(Data for this exercise begins)

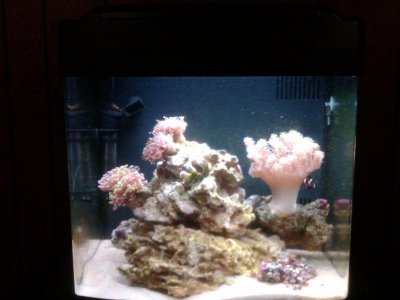 IMG00249-20110327-1622.jpg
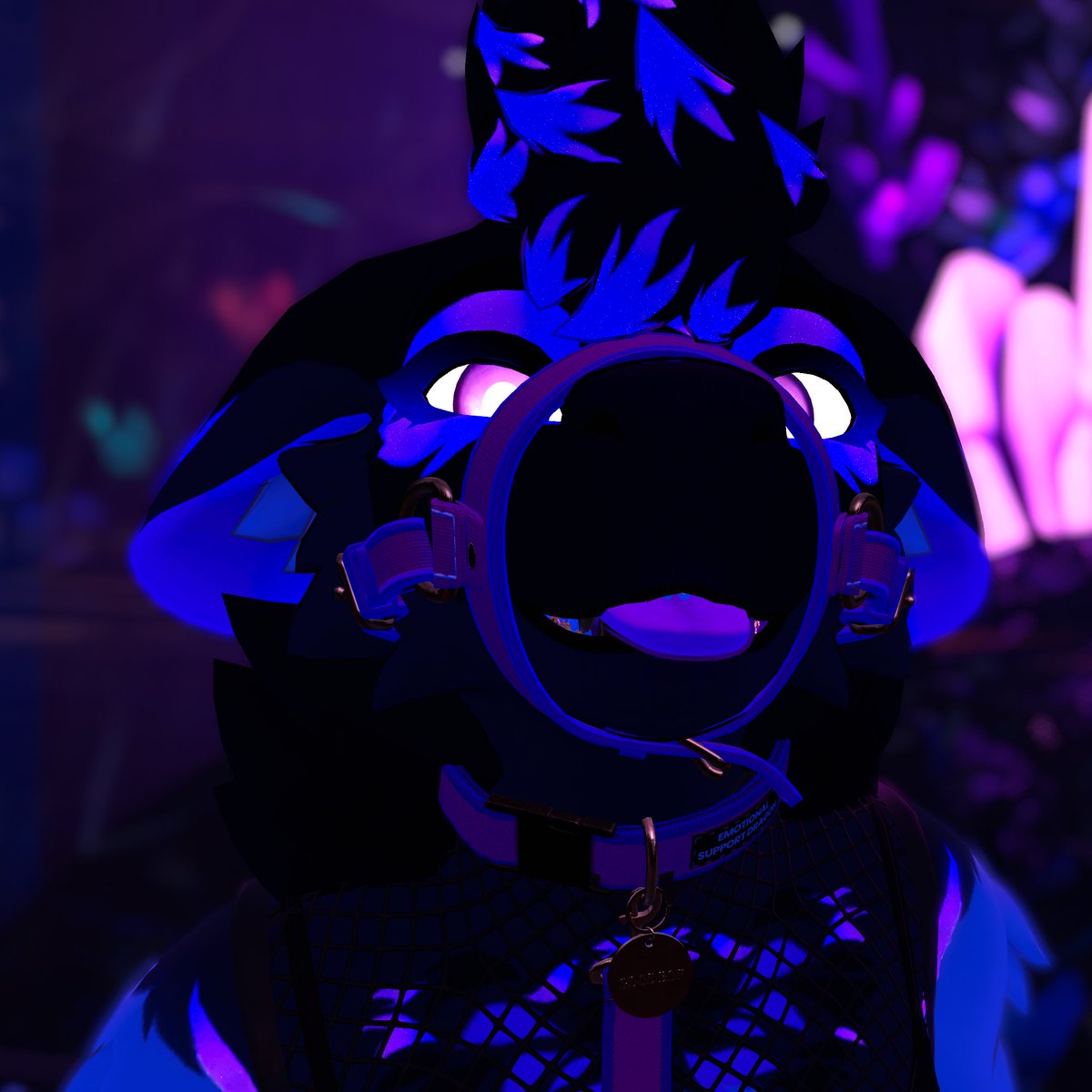 buttmutt🔞 tweet media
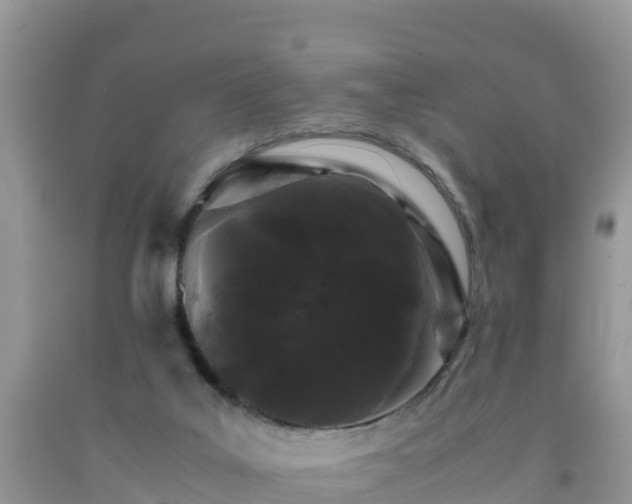 X0000092060019200709191152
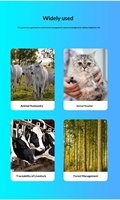 Lecteur d'étiquettes d'animaux OEM, scanner RFID pour animaux de compagnie, CKU NGKC, clinique vétérinaire, ferme, bétail, scanner d'étiquettes d'oreille pour chiens et chats, 125 134,2 KHz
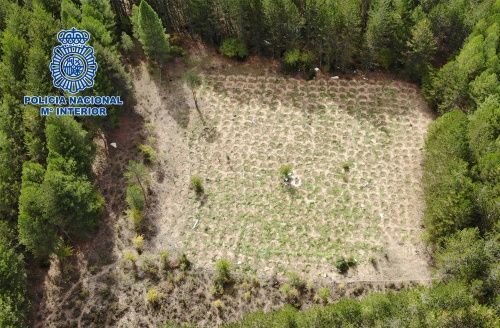 La Policía Nacional desarticula un grupo de albanos dedicado al cultivo y distribución de marihuana en el Parque Natural Serranía de Cuenca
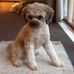 Teddy Spence - Facebook
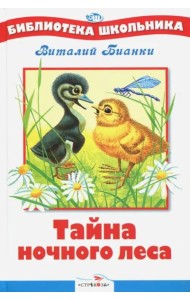 БШ. Тайна ночного леса
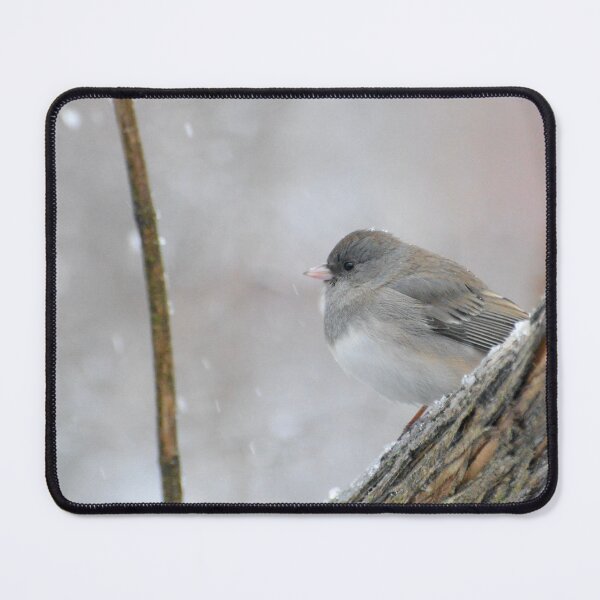 Item preview, Chubby Junco Snowbird designed and sold by lisapicklepizza.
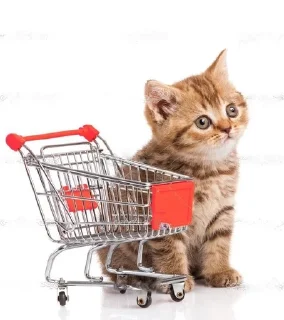 🐈 emoji Кисики Telegram sticker 23 of 31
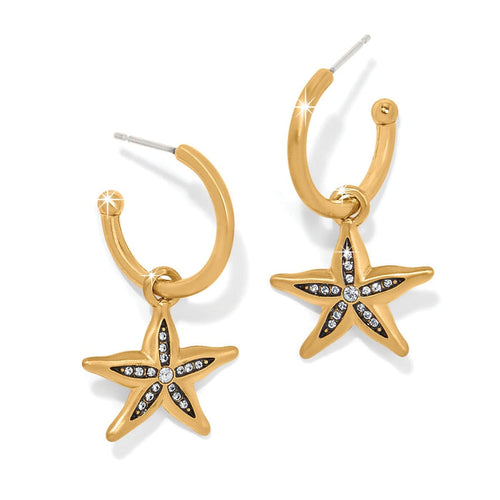 Brighton hoop earrings with gold-plated starfish charms and crystal accents on a white background
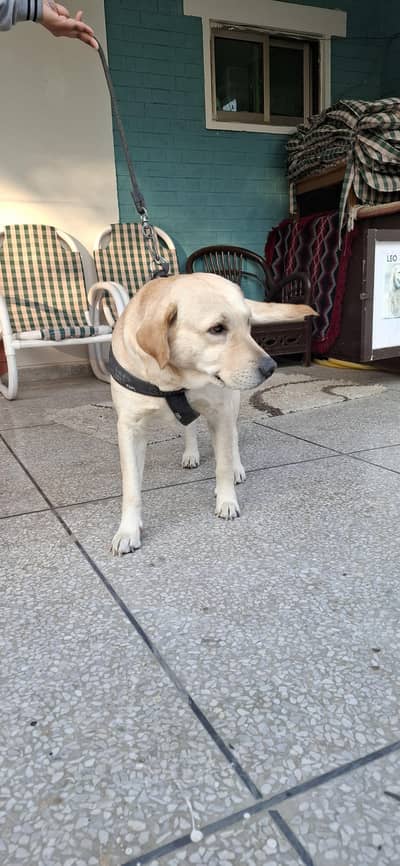 Family labrador dog for sale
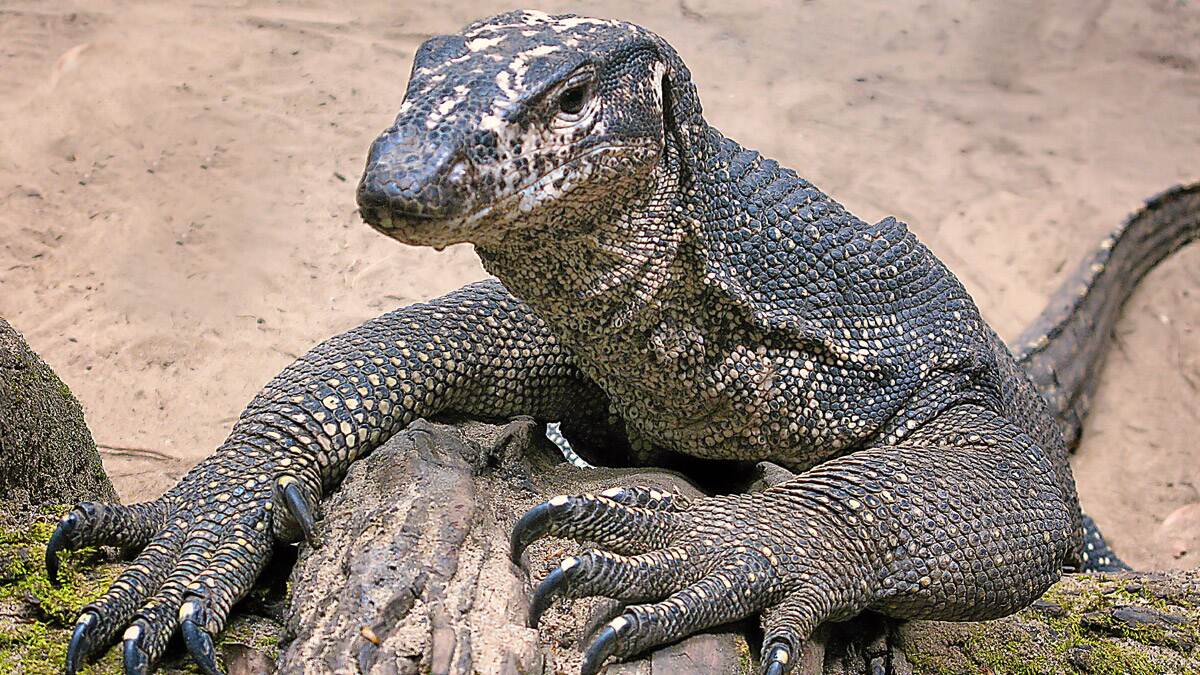 India News Pythons Monitor Lizards Allegedly Stolen From Marine Aqua 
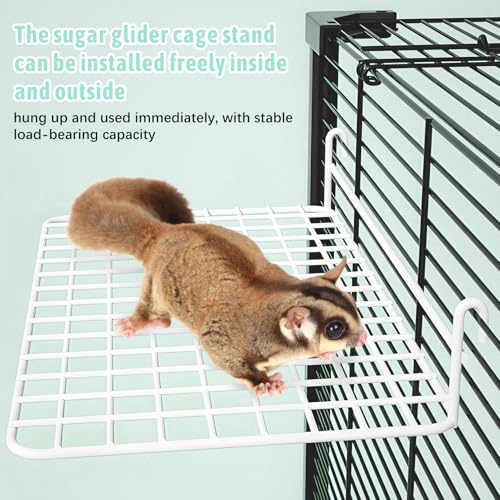 BNOSDM Rat Cage Platform with Ladder 4 PCS Small Animals Cage Accessories Metal Guinea Pig Climbing Toy for Sugar Glider, Chinchillas, Squirrel, Gerbils, Mouse Standing Jumping - color: White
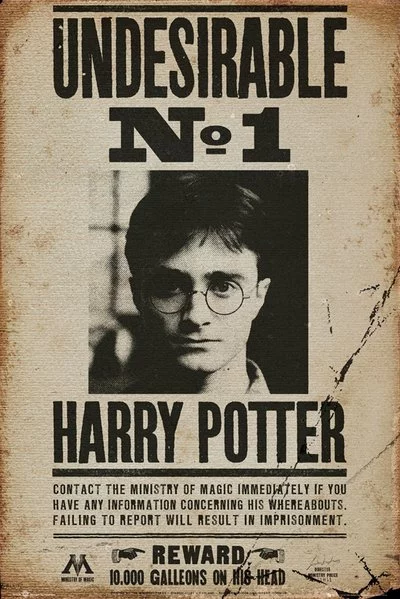 Plakat Harry Potter - Undesirable No 1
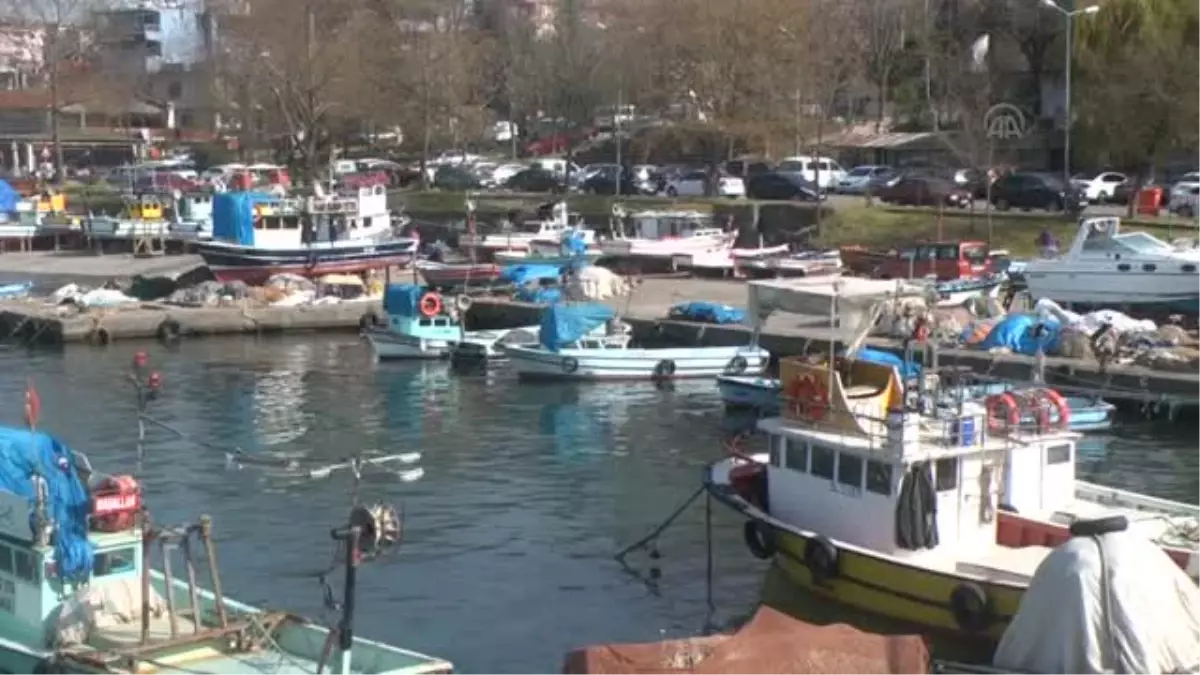 Batı Karadenizli balıkçılar, sezonu erken kapattı -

(Data for this exercise ends)

(To do): Apart from the images, every line above needs to be printed again exactly.

(Solution below):
 IMG00249-20110327-1622.jpg
 buttmutt🔞 tweet media
 X0000092060019200709191152
 Lecteur d'étiquettes d'animaux OEM, scanner RFID pour animaux de compagnie, CKU NGKC, clinique vétérinaire, ferme, bétail, scanner d'étiquettes d'oreille pour chiens et chats, 125 134,2 KHz
 La Policía Nacional desarticula un grupo de albanos dedicado al cultivo y distribución de marihuana en el Parque Natural Serranía de Cuenca
 Teddy Spence - Facebook
 БШ. Тайна ночного леса
 Item preview, Chubby Junco Snowbird designed and sold by lisapicklepizza.
 🐈 emoji Кисики Telegram sticker 23 of 31
 Brighton hoop earrings with gold-plated starfish charms and crystal accents on a white background
 Family labrador dog for sale
 India News Pythons Monitor Lizards Allegedly Stolen From Marine Aqua 
 BNOSDM Rat Cage Platform with Ladder 4 PCS Small Animals Cage Accessories Metal Guinea Pig Climbing Toy for Sugar Glider, Chinchillas, Squirrel, Gerbils, Mouse Standing Jumping - color: White
 Plakat Harry Potter - Undesirable No 1
 Batı Karadenizli balıkçılar, sezonu erken kapattı -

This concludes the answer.